Task » Word for word, copy the listing below and leave out its images.

** Opening Material provided block **

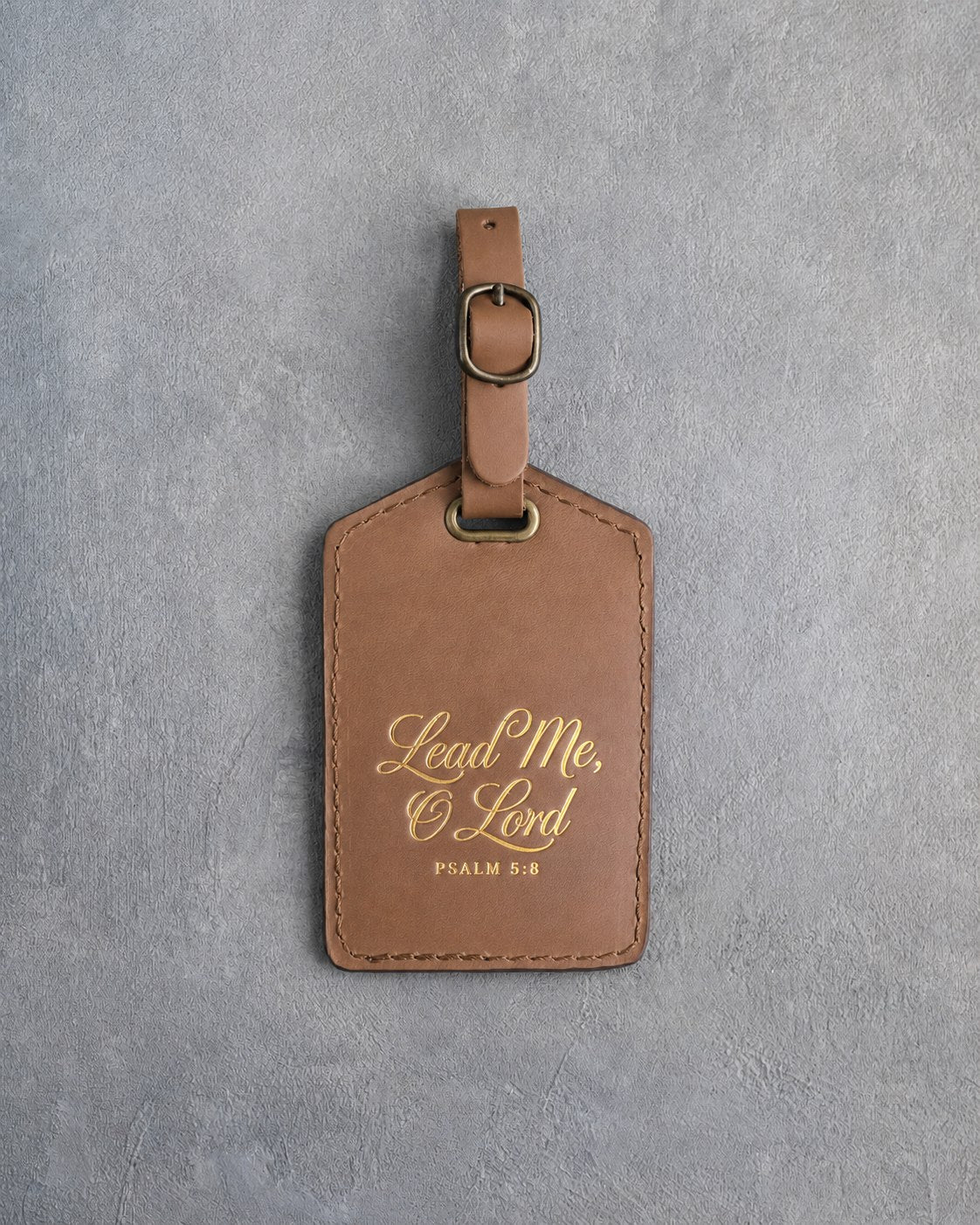 Lead Me, O Lord Psalm 5:8 Caramel full-grain leather luggage tag, Christian scripture gift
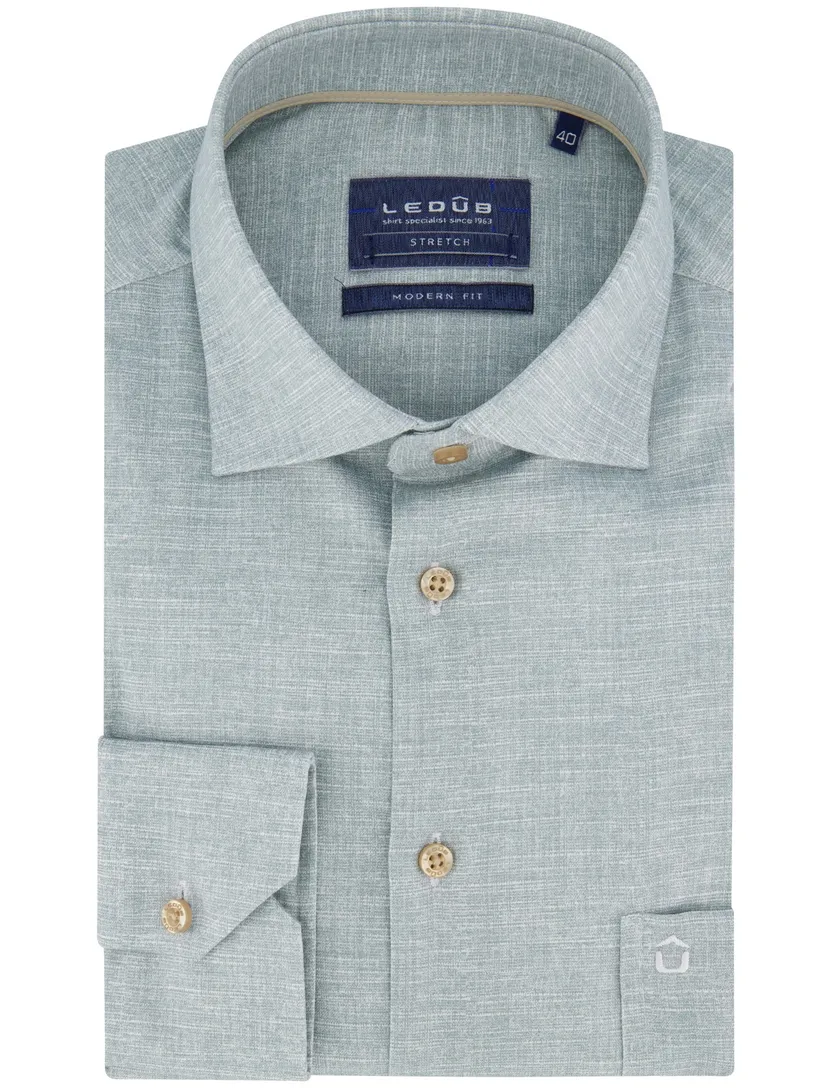 Groen mouwlengte 7 overhemd Ledub modern fit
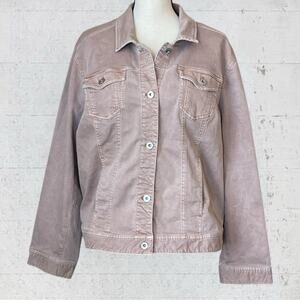 J Jill Denim Jean Jacket Women Dusty Pink Button Up Trucker Stretch Pockets 2X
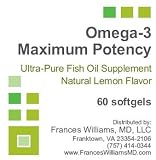 Omega-3 Maximum Potency Ultra-Pure Fish Oil Supplement (Eicosamax) Natural Lemon Flavor 60 Softgels
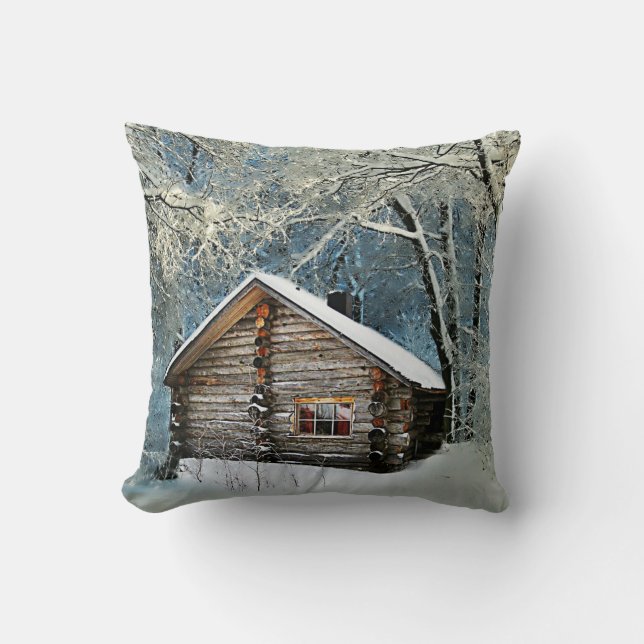 Rustic Log Cabin Winter Magic Throw Pillow (Front)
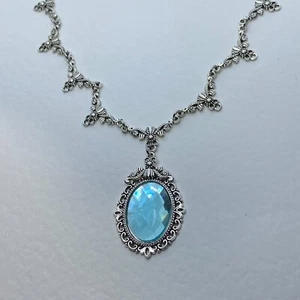 COLLAR PLATEADO CRISTAL FACETADO TURQUESA ESTILO VICTORIANO FILIGRANA della - Imagen 1 de 9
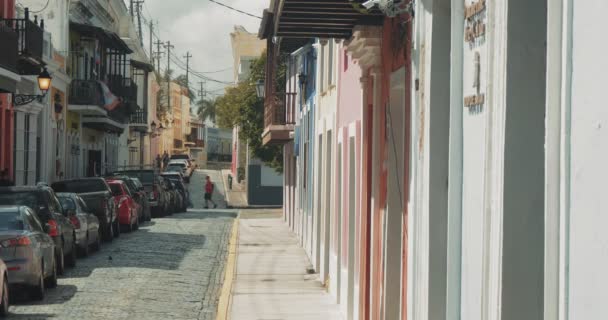Створення Вулиці Старому Сан Хуані Пуерто Рико Кінокасети — стокове відео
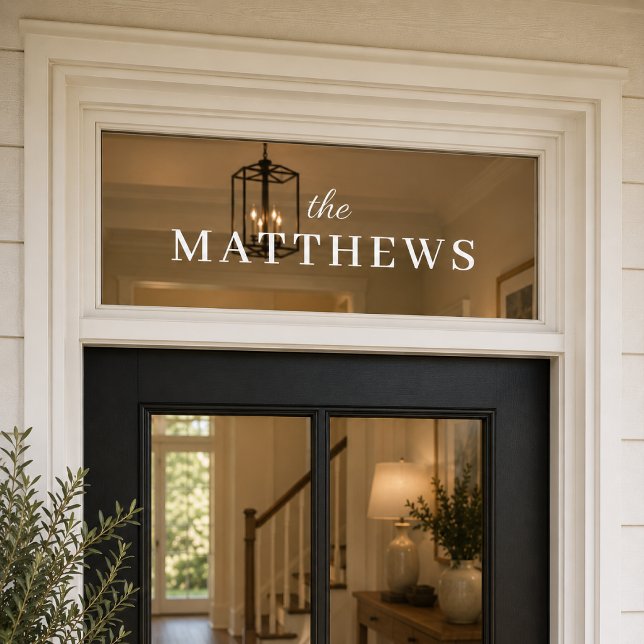 Vinilo adhesivo | Calcomanía personalizada con el  (Personalized family name vinyl decal for front doors, porch glass, and new home decor.)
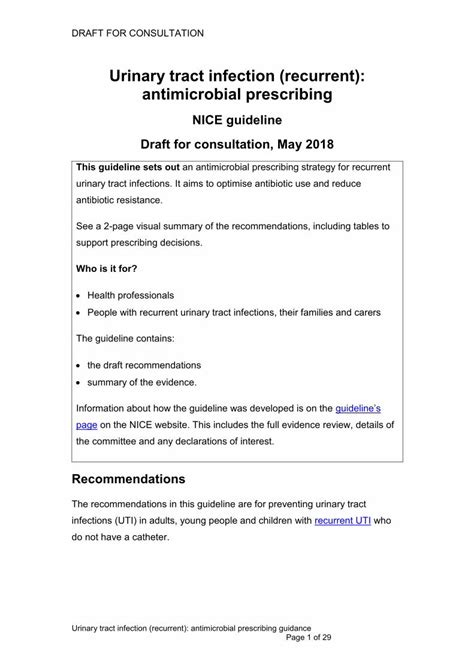 Pdf Urinary Tract Infection Recurrent Antimicrobial Prescribing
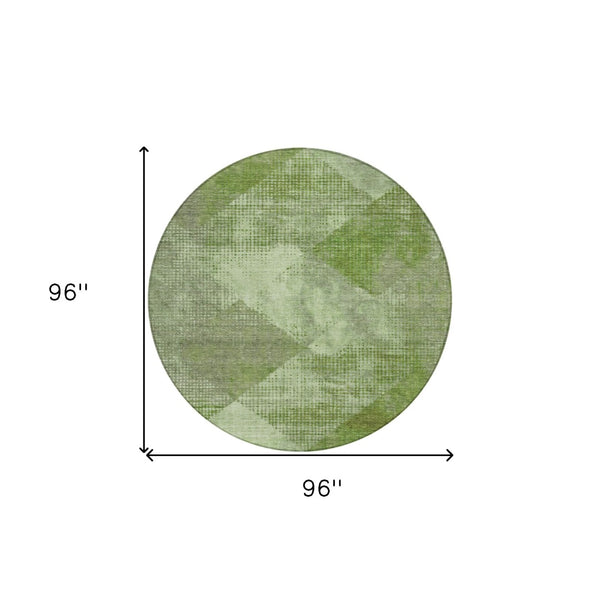 Homeroots 3' Brown And Beige Geometric Washable Area Rug – Perfect For Indoor And Outdoor High Traffic Spaces 8' Round Polyester 602841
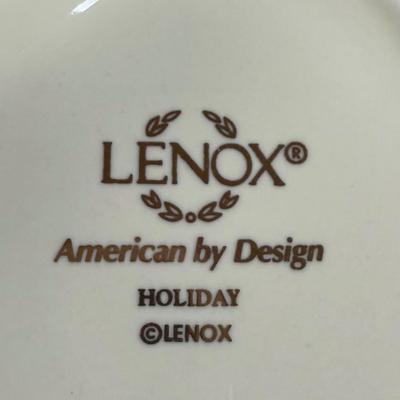 LOT 53D: Lenox Holiday Hostess Dish, Special Plate, Say it With Silk Cups, Holly Bowls & Shaped Treat Trays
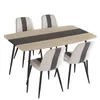 A dining table with four chairs, presented on a white background. Produktbild-Vorschau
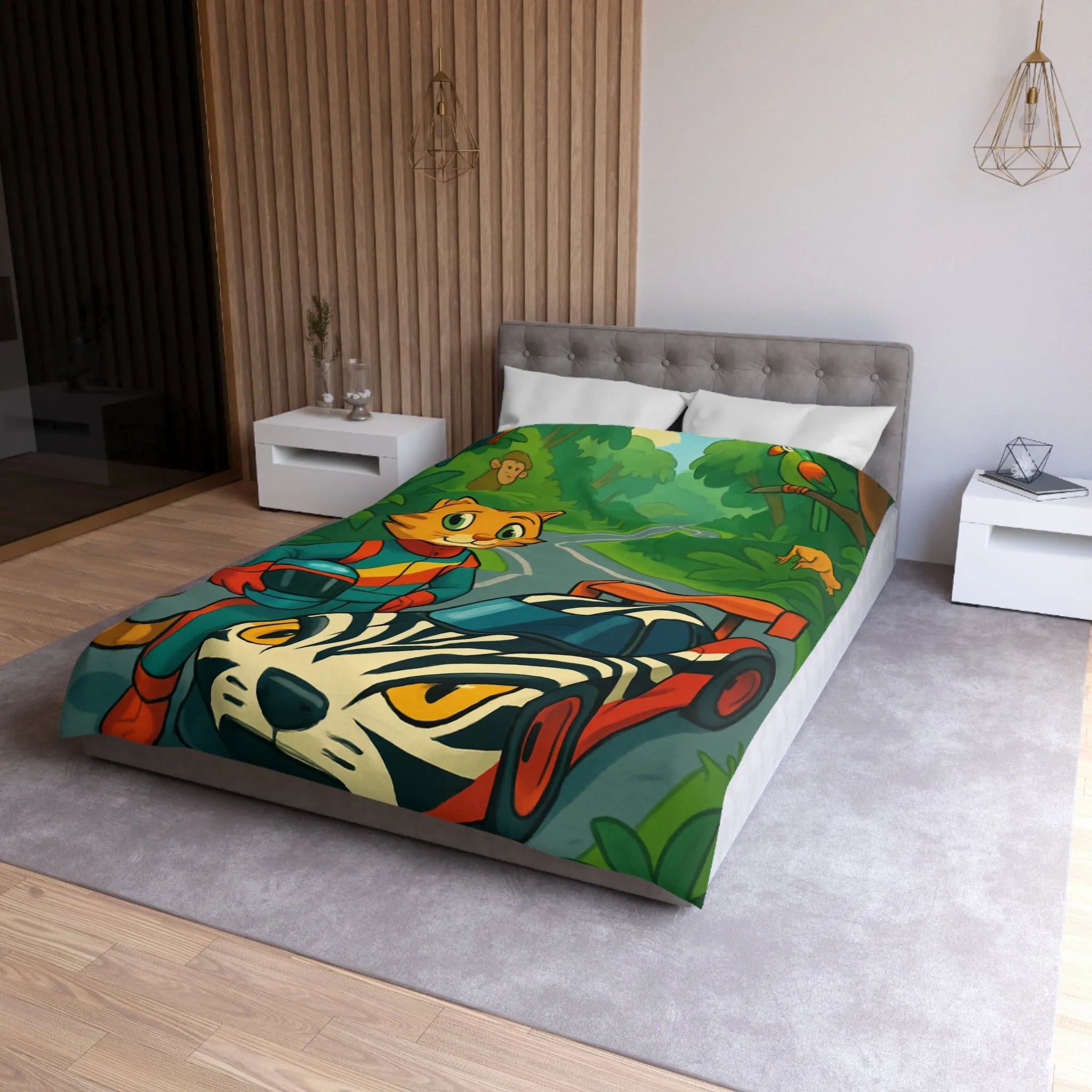 Housse de couette illustrée avec pilote chat, voiture zébrée et jungle luxuriante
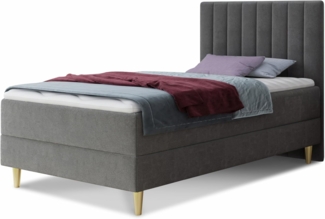 Boxspringbett Gold Mini mit Bettkasten, Bonell-Matratze und Topper - Einzelbett mit Matratzentopper, Polsterbett, Bett, Schlafzimmer, Jugendzimmer, Velours Stoff (Grau (Manila 16), 80x200 cm)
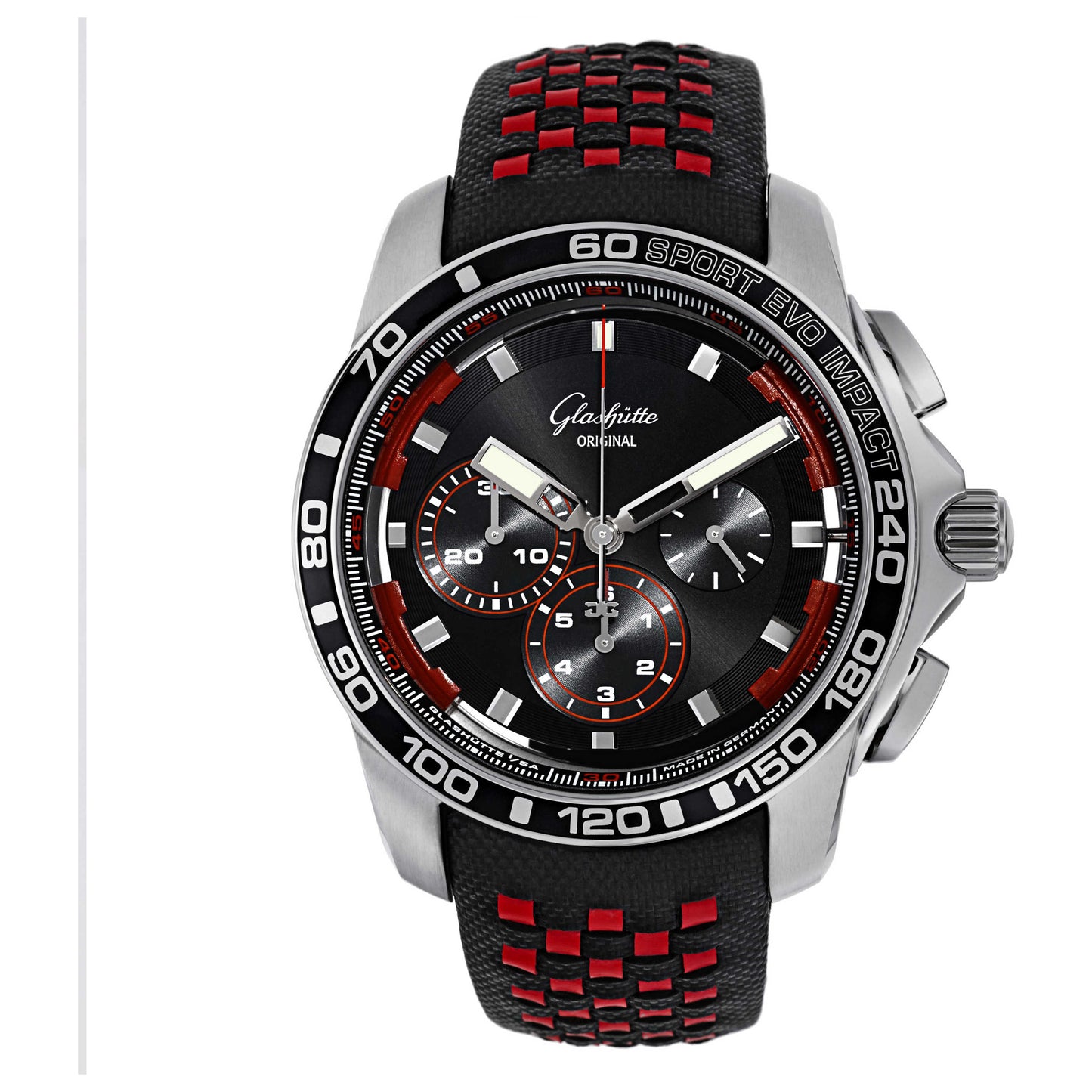 Front view of Glashutte Sport Evolution Men's Automatic Watch 39-31-73-73-03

** Closing Material provided block **

Expected answer »
 Lead Me, O Lord Psalm 5:8 Caramel full-grain leather luggage tag, Christian scripture gift
 Groen mouwlengte 7 overhemd Ledub modern fit
 J Jill Denim Jean Jacket Women Dusty Pink Button Up Trucker Stretch Pockets 2X
 Omega-3 Maximum Potency Ultra-Pure Fish Oil Supplement (Eicosamax) Natural Lemon Flavor 60 Softgels
 Rustic Log Cabin Winter Magic Throw Pillow (Front)
 COLLAR PLATEADO CRISTAL FACETADO TURQUESA ESTILO VICTORIANO FILIGRANA della - Imagen 1 de 9
Створення Вулиці Старому Сан Хуані Пуерто Рико Кінокасети — стокове відео
 Vinilo adhesivo | Calcomanía personalizada con el  (Personalized family name vinyl decal for front doors, porch glass, and new home decor.)
 Pdf Urinary Tract Infection Recurrent Antimicrobial Prescribing
 Homeroots 3' Brown And Beige Geometric Washable Area Rug – Perfect For Indoor And Outdoor High Traffic Spaces 8' Round Polyester 602841
 LOT 53D: Lenox Holiday Hostess Dish, Special Plate, Say it With Silk Cups, Holly Bowls & Shaped Treat Trays
 A dining table with four chairs, presented on a white background. Produktbild-Vorschau
 Housse de couette illustrée avec pilote chat, voiture zébrée et jungle luxuriante
 Boxspringbett Gold Mini mit Bettkasten, Bonell-Matratze und Topper - Einzelbett mit Matratzentopper, Polsterbett, Bett, Schlafzimmer, Jugendzimmer, Velours Stoff (Grau (Manila 16), 80x200 cm)
 Front view of Glashutte Sport Evolution Men's Automatic Watch 39-31-73-73-03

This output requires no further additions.